Old Fort Boise

Abstracted from "History of the State of Idaho," by Cornelis J. Brosnan, published by Charles Scribner's Sons, 1918; p. 45-47.

57. The First or Temporary Fort Boise. – In 1834 the Hudson's Bay Company erected Fort Boise, its first Idaho trading-post. It was built by chief trader Thomas McKay on the Reed or Boise River about ten miles from its mouth. It was a simple log structure. In 1838 the site was changed to the east bank of the Snake River and a short distance north of the mouth of the Boise River In the summer of 1836 the Whitman party were guests at this little Boise River post. Mrs. Whitman, in her diary, tells us that at eleven o'clock on Sunday morning, August 21, 1836, in response to an invitation from his Hudson's Bay hosts Reverend H. H. Spalding preached a sermon at the fort. This was the second sermon preached within the boundaries of the present Idaho.
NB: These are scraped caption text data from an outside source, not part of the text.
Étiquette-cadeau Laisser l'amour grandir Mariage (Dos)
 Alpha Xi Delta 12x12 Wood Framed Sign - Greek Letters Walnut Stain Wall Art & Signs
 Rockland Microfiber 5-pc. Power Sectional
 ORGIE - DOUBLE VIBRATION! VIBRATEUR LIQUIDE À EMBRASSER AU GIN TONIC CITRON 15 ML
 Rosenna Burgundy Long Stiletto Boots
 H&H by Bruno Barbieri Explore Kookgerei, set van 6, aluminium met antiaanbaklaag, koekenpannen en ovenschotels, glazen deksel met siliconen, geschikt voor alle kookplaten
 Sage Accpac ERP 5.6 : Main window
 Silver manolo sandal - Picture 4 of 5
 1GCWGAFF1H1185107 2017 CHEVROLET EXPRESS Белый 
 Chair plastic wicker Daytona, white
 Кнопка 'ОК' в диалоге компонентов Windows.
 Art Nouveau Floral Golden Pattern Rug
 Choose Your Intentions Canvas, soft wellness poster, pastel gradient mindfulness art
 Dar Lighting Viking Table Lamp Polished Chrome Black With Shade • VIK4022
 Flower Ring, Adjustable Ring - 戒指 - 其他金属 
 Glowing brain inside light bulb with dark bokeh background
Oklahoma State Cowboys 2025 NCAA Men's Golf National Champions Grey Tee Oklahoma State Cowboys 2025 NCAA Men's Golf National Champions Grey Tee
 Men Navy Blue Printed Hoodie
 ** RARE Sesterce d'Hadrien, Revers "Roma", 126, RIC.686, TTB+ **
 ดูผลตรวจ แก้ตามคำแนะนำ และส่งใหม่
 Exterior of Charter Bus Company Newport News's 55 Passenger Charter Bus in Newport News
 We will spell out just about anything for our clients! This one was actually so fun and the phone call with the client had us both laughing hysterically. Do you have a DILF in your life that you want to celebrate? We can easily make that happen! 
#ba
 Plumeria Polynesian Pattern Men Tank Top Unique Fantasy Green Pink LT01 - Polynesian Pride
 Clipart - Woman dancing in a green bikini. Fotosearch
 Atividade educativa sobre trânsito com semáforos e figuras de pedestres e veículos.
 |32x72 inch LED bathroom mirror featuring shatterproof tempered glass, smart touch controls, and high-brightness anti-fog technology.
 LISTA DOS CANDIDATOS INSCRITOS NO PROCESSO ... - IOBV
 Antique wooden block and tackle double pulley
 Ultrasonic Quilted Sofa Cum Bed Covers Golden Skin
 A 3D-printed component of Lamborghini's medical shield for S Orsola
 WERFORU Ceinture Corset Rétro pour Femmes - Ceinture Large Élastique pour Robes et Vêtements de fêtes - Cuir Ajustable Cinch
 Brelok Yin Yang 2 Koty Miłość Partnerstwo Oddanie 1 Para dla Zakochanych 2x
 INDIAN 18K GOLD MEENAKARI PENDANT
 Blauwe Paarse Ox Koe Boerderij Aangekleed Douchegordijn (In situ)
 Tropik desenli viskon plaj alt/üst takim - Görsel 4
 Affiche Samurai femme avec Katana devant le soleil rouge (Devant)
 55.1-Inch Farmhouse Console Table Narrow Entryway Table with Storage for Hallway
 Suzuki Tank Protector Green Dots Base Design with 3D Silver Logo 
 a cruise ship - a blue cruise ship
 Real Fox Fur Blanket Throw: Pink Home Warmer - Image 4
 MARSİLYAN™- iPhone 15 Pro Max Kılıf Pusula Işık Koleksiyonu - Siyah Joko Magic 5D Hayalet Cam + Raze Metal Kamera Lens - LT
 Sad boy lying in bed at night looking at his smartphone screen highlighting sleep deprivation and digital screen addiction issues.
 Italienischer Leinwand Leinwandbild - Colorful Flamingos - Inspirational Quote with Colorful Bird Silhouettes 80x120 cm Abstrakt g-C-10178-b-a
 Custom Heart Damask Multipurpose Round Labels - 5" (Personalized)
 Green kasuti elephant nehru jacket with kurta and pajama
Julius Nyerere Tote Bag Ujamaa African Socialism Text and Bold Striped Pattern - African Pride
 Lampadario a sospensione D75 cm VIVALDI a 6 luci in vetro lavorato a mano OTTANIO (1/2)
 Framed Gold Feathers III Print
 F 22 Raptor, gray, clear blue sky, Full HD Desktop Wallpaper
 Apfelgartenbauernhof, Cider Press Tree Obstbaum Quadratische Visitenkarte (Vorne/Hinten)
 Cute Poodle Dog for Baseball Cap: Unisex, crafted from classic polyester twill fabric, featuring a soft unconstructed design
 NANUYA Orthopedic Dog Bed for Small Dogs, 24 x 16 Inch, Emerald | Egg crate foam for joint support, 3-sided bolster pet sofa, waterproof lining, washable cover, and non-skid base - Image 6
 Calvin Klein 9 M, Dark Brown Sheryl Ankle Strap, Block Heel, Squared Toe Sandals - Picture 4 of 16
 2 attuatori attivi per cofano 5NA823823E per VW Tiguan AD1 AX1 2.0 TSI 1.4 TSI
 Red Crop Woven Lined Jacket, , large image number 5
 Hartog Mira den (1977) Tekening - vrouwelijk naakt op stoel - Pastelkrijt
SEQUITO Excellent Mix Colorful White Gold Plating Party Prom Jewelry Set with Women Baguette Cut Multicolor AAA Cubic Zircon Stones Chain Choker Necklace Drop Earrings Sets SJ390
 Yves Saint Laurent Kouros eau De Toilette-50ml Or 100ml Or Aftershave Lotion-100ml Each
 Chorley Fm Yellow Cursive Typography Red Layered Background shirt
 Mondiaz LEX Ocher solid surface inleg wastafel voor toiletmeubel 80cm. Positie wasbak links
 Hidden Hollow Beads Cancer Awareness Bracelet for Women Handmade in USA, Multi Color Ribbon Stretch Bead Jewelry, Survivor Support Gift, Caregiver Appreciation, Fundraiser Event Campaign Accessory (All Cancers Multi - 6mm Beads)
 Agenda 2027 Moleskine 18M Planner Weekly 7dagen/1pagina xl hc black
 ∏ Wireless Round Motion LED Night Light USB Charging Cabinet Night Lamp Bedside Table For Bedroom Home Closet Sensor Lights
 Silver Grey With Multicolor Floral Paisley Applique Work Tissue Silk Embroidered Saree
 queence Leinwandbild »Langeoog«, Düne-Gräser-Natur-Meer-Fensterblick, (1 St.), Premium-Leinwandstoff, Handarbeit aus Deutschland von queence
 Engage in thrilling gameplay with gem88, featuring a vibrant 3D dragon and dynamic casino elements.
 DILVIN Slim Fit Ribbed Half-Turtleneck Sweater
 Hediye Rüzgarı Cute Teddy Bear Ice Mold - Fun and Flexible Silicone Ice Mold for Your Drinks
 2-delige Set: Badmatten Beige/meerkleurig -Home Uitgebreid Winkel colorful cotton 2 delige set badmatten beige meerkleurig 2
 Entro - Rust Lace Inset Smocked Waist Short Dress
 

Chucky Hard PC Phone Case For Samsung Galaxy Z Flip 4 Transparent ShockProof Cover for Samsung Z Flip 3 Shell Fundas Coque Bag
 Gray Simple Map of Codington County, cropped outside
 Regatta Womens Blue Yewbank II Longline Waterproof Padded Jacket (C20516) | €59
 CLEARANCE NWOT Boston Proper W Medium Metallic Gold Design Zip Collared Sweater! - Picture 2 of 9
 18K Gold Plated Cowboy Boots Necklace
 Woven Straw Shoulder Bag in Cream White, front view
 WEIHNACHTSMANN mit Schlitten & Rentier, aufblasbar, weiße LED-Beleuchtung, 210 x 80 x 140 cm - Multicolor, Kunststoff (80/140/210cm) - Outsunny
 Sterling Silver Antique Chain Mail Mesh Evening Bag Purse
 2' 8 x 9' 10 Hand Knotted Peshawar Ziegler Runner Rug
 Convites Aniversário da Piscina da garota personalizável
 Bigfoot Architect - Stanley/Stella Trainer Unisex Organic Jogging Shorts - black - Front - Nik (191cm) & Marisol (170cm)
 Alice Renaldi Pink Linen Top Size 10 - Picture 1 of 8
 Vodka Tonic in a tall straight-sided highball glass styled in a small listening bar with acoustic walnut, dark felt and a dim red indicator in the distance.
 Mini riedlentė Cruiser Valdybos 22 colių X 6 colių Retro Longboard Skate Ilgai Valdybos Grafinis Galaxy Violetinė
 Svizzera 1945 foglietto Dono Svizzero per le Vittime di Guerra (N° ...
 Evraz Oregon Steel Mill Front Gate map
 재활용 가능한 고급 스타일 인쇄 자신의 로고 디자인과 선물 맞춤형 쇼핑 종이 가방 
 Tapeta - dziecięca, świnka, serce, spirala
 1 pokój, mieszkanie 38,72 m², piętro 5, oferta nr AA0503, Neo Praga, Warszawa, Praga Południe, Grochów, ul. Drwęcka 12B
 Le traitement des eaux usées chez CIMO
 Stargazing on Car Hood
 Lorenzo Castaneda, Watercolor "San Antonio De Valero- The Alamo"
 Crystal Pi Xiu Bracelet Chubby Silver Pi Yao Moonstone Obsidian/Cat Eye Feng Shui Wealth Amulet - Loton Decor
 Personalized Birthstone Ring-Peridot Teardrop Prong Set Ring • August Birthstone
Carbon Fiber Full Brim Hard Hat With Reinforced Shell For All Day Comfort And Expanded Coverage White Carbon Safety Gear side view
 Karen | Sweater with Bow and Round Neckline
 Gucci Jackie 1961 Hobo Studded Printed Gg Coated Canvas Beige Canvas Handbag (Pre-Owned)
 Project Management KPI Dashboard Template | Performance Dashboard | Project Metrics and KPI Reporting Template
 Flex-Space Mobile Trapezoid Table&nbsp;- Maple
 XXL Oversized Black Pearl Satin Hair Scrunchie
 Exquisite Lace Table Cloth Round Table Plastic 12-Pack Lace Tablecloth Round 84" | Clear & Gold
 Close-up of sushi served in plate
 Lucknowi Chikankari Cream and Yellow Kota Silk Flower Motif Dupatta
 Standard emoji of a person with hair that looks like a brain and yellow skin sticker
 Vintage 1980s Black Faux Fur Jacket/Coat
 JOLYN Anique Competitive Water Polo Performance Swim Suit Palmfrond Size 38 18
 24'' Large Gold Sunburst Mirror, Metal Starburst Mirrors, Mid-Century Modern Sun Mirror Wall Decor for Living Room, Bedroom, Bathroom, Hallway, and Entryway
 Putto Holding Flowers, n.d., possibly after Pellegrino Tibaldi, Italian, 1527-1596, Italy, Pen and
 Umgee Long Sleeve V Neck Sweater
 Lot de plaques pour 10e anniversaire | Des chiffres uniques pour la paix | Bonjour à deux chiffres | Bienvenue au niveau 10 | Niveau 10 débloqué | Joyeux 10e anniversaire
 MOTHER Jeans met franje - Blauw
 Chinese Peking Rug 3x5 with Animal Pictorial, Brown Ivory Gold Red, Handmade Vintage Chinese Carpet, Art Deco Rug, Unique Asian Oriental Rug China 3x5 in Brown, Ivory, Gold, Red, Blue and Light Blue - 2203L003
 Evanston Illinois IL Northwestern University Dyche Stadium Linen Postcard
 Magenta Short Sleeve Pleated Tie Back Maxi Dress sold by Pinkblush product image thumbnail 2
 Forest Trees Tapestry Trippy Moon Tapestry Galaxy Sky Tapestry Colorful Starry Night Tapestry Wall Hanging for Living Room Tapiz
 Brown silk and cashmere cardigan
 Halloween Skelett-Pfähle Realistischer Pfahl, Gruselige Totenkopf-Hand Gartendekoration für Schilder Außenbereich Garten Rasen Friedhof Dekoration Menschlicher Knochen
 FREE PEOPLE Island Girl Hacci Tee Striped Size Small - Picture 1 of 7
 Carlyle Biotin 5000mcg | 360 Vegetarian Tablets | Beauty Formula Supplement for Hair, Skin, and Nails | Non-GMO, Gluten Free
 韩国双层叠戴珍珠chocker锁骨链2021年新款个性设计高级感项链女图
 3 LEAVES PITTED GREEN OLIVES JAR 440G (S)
58. The Second or Permanent Fort Boise. - The second or permanent Fort Boise had a romantic and interesting history. The amount of the fur business transacted at this post was never large. Built for the purpose of drawing away business from Fort Hall, which had been erected earlier in 1834, Fort Boise had been a success, for in 1836 the Hudson's Bay Company acquired Fort Hall by purchase and that became their chief Idaho trading-post. The later Fort Boise became one of the celebrated stopping-points on the old Oregon Trail during the third and fourth decades of the last century. Here, after the long dusty journey over the Snake River plains, the tired and hungry emigrants were welcomed and often their scanty stores replenished. The outside walls were thick and durable and made of adobe or clay. Blockhouses were placed at the corners so as to protect the sides in case of attack. The main entrance opened on Snake River. Within the walls were several small buildings one story high and arranged around the four sides. They were used as storehouses for the peltry and for living quarters.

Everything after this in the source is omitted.